See? We’re feeling better about the world already. A sentiment enriched further when settling down to watch Disney’s remake, this time of The Lion King. With Jon Favreau at the helm, who did a fine job with The Jungle Book, first and foremost this is a true feat of modern storytelling, utilising new technology to not only create a truly breathtaking visual experience, but also just to validate its very existence, to offer a counter-argument to the naysayers who feel their childhood is being trampled on. But there’s a place for both, and when treating this remake on its own terms there is plenty to be admired. Perhaps lacking a little in the same heart that came with the original, such is the nostalgic pull, and the association with our own experiences watching this when younger, there are scenes and moments that will move you to tears, though again whether that’s because of the quality of the film or just our own personal memories remains to be seen. But either way pack tissues.
Okay, so that’s two films out the way that are so pleasant to watch, and incredibly easy to enjoy. But sadly this can’t be said of all releases this weekend just gone. Which brings us to Gwen, and oh my, this is a test of one’s endurance. Now don’t be fooled, this is not a negative review, Gwen is a profound feature that is incredibly well shot by debut director William McGregor, and stars the always-impressive Maxine Peake, not to mention the quite astonishing breakthrough performance from Eleanor Worthington-Cox in the title role. But that doesn’t mean it’s not challenging, for its relentlessly bleak. Yet it has an air of enchantment about it, a very subtle one we should add, but there’s a classic folklore element that works well, and we see McGregor borrow from the horror genre in an affectionate way. It’s definitely worth catching it you can/are willing to put yourself through it.

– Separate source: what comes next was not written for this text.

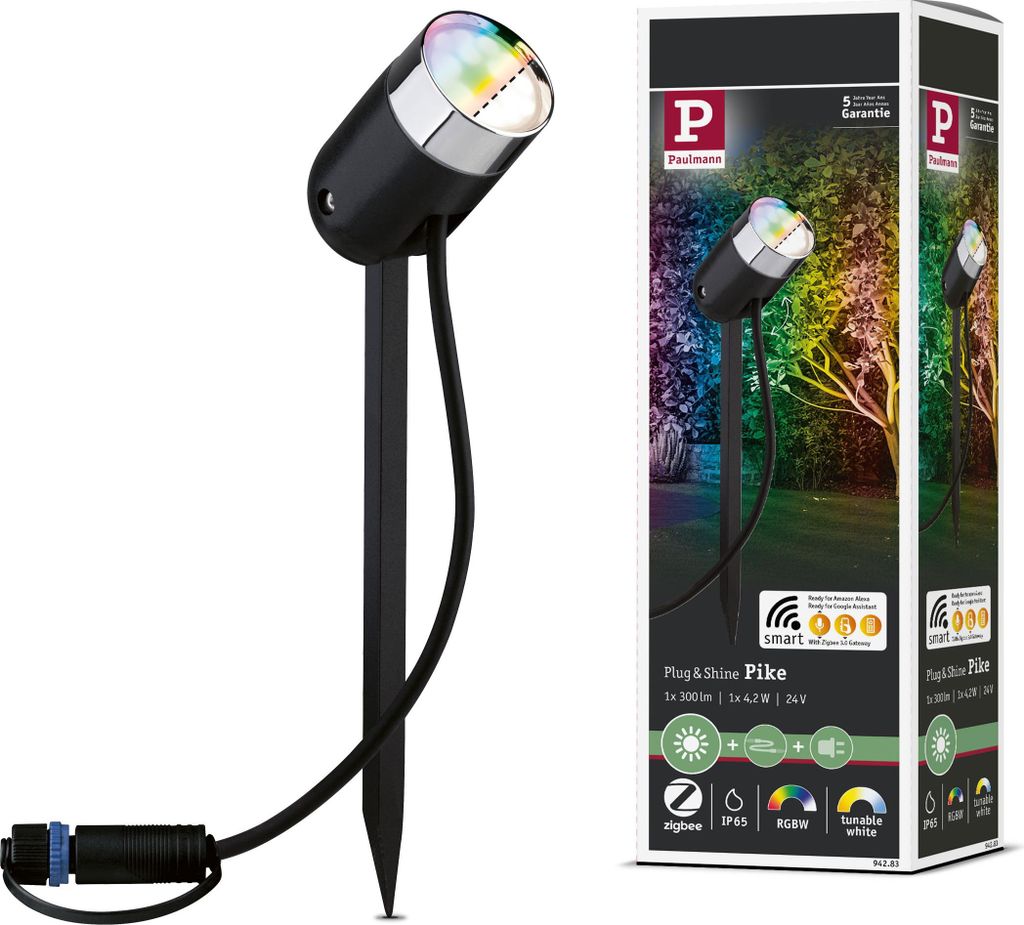 Paulmann Plug & Shine LED Gartenstrahler Pike Einzelspot
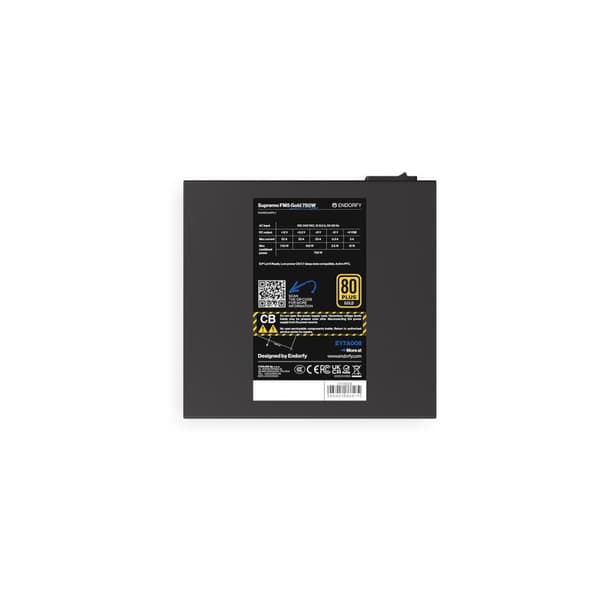 Strømforsyning Endorfy Supremo FM5 modulær 750 W ATX 80 Plus Gold RoHS CE FCC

Another film that focuses more so on the darker sides of society is The Wedding Guest, the latest film from prolific director Michael Winterbottom. The creative filmmaker sets this tale in Pakistan, of a young man – played by Dev Patel – who is travelling to a wedding with the dark plan of kidnapping the bride-to-be. What transpires is a compelling two-hander between Patel and Radhika Apte, in what is something for a departure for the former. The film is entrenched in mystery, as you’re constantly on edge, it’s like watching a game of poker unfold – and you have no idea who’s got the best hand. It’s also a fun exploration of the ‘it was supposed to be so easy’ format, as this plan our protagonist has goes terribly, terribly wrong.
Next up is Making Noise Quietly, the debut from behind the lens for esteemed theatre director Dominic Dromgoole. This triptych of Robert Holman plays carries one underlying theme which is the futility of war, and it’s what brings these tales together. While a moving film in parts, and one that you can’t fault for dialogue or acting, sadly it does just feel a little stagey, you can very much tell this has come from a director far more well-versed in stage productions. But there’s enough in here to ensure we remain confident in Dromgoole’s future in cinema, just perhaps next time veering away from such familiar and comfortable ground will challenge him to do something a little different.
Finally we have Tell It to the Bees, a period drama featuring Holliday Granger and Anna Paquin. Directed by Annabel Jankel, regrettably this title is the film we most advise skipping this weekend, for its tonally confused, it’s not particularly well-written, and has a couple of scenes that are just bizarre, and sadly, not in a good way. We usually like bizarre.